I've downloaded a copy of "PRINCIPLES OF MODERN DIGITAL DESIGN" and gleaned from the section 3.2 MINIMIZATION OF BOOLEAN EXPRESSIONS that the "minimization" operation 1) reduces the number of terms in the expression and 2) reduces the number of literals in the expression.
The task is: given the circuit of FIGURE 3.52, "minimize" the source expression for the circuit output f
$$
f = p·\overline{b} + \overline{p}·\overline{c} + q·c
$$
We start with adding, rather than eliminating, a term, which will simplify the pb' term. Being one of the terms that sum up to VaS, the term pb is the SDC for the second-level logic block. We can add it to the source expression for f, as we can do with any SDC:
$$
f = p·\overline{b} + \overline{p}·\overline{c} + q·c + p·b = \overline{p}·\overline{c} + p·(\overline{b} + b) + q·c = \overline{p}·\overline{c} + p + q·c
$$
We still have three terms, but we eliminated the dependence on variable b.
Notice that p does not depend on c and so the term p'c' is irreducible. To reduce the other terms, we consider the negation of p + q·c:
$$
\overline{(p + q·c)} = \overline{p}·(\overline{q·c}) = \overline{p}·(\overline{q} + \overline{c}) = \overline{p}·\overline{q} + \overline{p}·\overline{c};
$$
If p'c' = true, then, irrespective to the other term's values, f = true. Therefore, we can go on to transform the terms p + q·c, substituting in these terms for the case p'c' = false
$$
\overline{(p + q·c)} = \overline{p}·\overline{q};
$$
Backtracking on the negation of the terms being added to p'c', we arrive at the equation, provided p'c' = false:
$$
(p + q·c) = \overline{(\overline{p}·\overline{q})} = p + q = \overline{a}·\overline{b} + \overline{b} + \overline{c} = \overline{b} + \overline{c} = \overline{b·c} = q
$$
Recall, (p + q·c) = q only valid iff p'c' = false. Instead of three terms p'·c' + p + q·c, we have two terms p'·c' + q for the case p'c' = false.
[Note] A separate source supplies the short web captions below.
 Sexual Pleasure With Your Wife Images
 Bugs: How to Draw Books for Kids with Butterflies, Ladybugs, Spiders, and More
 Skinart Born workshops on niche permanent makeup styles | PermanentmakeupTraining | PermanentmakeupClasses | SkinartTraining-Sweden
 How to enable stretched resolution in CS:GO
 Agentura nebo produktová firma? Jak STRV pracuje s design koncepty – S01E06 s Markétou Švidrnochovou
Combining the cases p'c' = true and p'c' = false, we arrive at the "minimized" function f of the book:
$$
f_{minimized} = \overline{p}·\overline{c} + q
$$
I would not put a blame on a student who stuck at the derivation of the minimized function in the section MINIMIZATION OF MULTILEVEL CIRCUITS USING DON’T CARES. The book urgently needs the redaction on many points. For example, the Karnaugh maps' index ordering differs in figures and in text (Figure 3.10, and all the other Karnaugh maps). In the section we discuss, the definition of the universal quantification has a typo:
$$
f(x_1, x_2, ... , x_i, ... , x_n) = f_{\overline{x}_1}·f_{x_i}
$$
instead of
$$
f(x_1, x_2, ... , x_i, ... , x_n) = f_{\overline{x}_i}·f_{x_i}
$$
Let alone these typos, the explanation of minimization algorithms would have greatly benefitted, had the author provided implementation examples in a computer language of their choice or even in pseudocode.